Lightning quick, he darted forward and whacked her again with the shovel, right on the same place on her broad forehead, then retreated out of range of her teeth, before she could bite him like a spider. He often thought of her as a spider. A black widow.

The ring of steel on skull hung in the otherwise still air of the barn, slowly, slowly, slowly dying away. Silence, like a heavy shroud, settled around him.

Oba stood poised, shovel cocked back over his shoulder, ready to swing again. He watched her carefully. Nearly clear, pinkish fluid leaked from both her ears, out across the frozen muck.

In a frenzy of fear and rage, he ran forward and swung the shovel at her head, over and over. The ringing blows of steel on bone echoed around the barn, creating one long clangorous din. The rats, watching with their little black rat eyes, scurried for their holes.

Oba staggered back, gasping for air after the violent effort of silencing her. He panted as he watched her still form sprawled atop the mound of frozen muck. Her arms were spread out wide to each side, as if asking for a hug. The sneaky bitch. She might be up to something. Trying to make amends, probably. Offering a hug, as if that could make up for the times he’d spent in the pen.

Her face looked different. She had an odd expression. He tiptoed closer for a look. Her skull was all misshapen, like a ripe melon broken on the ground.

This was so new that he couldn’t gather his thoughts.

Mama, her melon head, all broke open.

For good measure, he whacked her three more times, quick as he could, then retreated to a safe distance, shovel at the ready, should she suddenly spring up to start yelling at him.
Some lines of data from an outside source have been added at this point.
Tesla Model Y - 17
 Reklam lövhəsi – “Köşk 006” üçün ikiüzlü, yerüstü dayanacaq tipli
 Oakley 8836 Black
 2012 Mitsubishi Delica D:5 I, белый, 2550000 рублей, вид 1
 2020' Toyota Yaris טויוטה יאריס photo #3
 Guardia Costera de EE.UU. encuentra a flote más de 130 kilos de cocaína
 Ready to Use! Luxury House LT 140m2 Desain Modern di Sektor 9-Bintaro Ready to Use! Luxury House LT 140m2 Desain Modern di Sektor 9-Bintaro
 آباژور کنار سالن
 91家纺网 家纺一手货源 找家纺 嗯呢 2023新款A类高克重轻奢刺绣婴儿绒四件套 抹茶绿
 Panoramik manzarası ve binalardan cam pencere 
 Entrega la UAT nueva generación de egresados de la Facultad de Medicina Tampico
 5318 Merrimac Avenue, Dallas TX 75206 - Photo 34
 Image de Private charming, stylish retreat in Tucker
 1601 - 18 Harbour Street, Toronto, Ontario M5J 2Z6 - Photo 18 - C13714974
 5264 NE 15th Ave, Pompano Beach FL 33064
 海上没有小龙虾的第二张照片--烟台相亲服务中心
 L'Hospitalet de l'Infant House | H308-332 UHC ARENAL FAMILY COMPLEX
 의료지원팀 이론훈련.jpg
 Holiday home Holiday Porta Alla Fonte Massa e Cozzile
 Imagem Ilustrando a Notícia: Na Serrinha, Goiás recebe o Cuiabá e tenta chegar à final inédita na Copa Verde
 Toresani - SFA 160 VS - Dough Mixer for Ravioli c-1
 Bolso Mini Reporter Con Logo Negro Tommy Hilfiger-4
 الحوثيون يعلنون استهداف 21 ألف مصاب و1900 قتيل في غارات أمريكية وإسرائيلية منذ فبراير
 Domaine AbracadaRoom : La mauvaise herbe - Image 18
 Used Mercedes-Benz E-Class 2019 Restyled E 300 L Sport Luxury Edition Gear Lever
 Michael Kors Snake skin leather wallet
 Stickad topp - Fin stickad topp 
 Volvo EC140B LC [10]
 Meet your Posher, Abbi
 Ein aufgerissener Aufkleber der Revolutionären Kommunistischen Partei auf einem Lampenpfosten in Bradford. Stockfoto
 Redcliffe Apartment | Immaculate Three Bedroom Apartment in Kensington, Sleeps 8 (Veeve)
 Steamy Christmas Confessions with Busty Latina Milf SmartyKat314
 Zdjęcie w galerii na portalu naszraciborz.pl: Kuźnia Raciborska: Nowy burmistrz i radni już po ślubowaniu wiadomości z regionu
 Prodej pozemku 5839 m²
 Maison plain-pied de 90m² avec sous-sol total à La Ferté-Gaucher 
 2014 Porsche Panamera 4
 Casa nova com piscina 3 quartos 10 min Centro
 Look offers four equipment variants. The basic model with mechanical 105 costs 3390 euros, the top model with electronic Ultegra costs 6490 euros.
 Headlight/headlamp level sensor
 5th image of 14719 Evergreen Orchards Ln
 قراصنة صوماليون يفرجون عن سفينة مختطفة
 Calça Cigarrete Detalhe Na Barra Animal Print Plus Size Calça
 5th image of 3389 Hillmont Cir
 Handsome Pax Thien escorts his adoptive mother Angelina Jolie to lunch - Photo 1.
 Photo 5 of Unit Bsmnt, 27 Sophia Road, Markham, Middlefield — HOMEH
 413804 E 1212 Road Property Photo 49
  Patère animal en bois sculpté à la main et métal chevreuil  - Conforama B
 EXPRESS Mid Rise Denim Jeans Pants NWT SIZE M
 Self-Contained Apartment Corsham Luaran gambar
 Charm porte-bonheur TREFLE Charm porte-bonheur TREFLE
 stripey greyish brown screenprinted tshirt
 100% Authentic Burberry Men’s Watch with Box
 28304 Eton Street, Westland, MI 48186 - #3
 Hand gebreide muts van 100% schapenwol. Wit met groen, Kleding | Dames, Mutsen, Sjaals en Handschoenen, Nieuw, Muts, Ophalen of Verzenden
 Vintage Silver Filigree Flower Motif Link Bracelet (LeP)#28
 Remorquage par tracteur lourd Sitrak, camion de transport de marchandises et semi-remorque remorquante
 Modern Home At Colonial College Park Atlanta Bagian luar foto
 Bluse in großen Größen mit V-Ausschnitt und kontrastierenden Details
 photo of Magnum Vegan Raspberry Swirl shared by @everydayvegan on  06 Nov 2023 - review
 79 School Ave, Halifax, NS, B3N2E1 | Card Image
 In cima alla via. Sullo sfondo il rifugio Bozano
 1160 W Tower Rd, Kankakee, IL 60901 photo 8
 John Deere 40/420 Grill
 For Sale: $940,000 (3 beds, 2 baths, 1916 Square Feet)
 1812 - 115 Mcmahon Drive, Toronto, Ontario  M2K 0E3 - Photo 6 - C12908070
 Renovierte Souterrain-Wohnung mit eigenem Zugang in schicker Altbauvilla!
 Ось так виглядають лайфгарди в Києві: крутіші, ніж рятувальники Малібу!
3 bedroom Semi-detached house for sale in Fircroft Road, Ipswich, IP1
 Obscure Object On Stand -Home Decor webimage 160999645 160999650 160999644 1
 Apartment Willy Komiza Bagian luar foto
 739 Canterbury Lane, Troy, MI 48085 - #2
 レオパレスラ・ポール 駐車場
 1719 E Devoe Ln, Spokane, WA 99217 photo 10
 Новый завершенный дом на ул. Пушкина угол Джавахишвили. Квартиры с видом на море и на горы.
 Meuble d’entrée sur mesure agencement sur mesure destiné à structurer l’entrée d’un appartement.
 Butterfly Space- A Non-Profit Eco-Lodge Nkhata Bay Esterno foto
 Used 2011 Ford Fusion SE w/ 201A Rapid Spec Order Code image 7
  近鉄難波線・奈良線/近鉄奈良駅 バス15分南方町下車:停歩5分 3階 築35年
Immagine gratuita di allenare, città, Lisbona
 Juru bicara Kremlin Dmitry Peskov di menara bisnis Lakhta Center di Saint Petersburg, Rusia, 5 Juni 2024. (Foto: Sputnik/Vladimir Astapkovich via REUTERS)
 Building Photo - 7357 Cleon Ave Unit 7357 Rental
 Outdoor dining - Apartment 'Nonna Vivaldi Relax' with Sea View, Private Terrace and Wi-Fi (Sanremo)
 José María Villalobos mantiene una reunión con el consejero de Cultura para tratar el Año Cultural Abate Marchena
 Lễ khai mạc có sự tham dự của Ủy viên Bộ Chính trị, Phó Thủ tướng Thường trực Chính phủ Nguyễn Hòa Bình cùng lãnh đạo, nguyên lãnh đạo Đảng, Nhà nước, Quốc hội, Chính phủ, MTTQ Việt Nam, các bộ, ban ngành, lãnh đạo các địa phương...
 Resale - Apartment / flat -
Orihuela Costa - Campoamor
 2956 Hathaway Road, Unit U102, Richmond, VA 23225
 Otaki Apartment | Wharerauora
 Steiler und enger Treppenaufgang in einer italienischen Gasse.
That would be just like her. Sneaky. The woman was a lunatic.

The barn remained silent. He saw his breath puffing out in the cold air. No breath came from his mother. Her chest was still. The crimson pool around her head oozed down the muck mound. Some of the holes he’d chopped filled with the runny contents of her curious melon head all broken open on the ground.

Oba began to feel more confident, then, that his mother was not going to say hateful things to him anymore. His mother, not being too smart, had probably gone along with Lathea’s nagging, and had been talked into hating him, her only son. The two women had ruled his life. He had been nothing but the helpless servant of the two harpies.

Fortunately, he had finally become invincible and had rescued himself from them both.

“Do you want to know who I serve, Mama? I serve the voice that made me invincible. The voice that rid me of you!”